Mongolia is confident it can resolve a dispute with Rio Tinto (LON:RIO) over a $5 billion underground expansion of the flagship Oyu Tolgoi copper and gold mine by the end of the year.
Mongolia owns 34% of Oyu Tolgoi located in the South Gobi desert and the government of the Asian nation has been at loggerheads with Rio-controlled Turquoise Hill (TSE:TRQ), owner the remainder of the mine, for months.
The mining ministry’s director general of strategic policy and planning, Otgochuluu Chuluuntseren, told reporters on Tuesday that “Mongolia is also seeking guarantees that the mine expansion won’t be subject to cost overruns, and a reset of Rio’s management fees, to be based on revenues earned rather than money spent.”

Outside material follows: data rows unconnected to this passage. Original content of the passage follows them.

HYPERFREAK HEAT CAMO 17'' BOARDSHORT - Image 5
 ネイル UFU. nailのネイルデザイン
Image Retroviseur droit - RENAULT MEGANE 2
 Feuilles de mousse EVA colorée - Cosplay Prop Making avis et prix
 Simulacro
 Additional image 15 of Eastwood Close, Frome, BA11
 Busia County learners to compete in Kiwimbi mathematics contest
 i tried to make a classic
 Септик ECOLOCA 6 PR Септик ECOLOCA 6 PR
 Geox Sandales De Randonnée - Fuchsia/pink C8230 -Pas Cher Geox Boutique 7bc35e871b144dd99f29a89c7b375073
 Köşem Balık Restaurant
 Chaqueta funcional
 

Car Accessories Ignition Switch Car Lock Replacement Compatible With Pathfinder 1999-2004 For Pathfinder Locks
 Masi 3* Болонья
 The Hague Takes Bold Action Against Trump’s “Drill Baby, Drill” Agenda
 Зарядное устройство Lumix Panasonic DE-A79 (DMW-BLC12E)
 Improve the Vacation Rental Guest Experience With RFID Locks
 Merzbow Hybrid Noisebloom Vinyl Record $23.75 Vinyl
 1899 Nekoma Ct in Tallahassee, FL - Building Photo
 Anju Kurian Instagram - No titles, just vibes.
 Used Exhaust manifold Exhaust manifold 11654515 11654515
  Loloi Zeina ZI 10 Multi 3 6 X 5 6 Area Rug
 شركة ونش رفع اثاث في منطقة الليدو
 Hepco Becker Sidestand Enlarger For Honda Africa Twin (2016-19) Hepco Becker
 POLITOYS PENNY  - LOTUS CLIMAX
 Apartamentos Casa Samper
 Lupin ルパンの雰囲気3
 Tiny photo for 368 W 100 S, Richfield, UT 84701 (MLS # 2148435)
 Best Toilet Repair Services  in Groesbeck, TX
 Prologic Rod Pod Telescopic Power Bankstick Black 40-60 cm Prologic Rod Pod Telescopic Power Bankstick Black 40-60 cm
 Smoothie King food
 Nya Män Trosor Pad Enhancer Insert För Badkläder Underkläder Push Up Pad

Neither Turquoise Hill nor Rio Tinto on Tuesday commented on the talks which are set to continue on October 7 in the capital Ulan Bator and the miners’ share prices showed little reaction to the comments.
The mine, which shipped its first copper in July, is set to contribute as much as a third of the nation’s economy if the second phase underground expansion were to go ahead, with the final bill for the project pegged at as much as $14 billion.
Foreign direct investment in the country dropped 17% to $3.9 billion in 2012.
This year it’s even worse with the Asian nation attracting a full $1 billion or 42% less during the first half of 2013.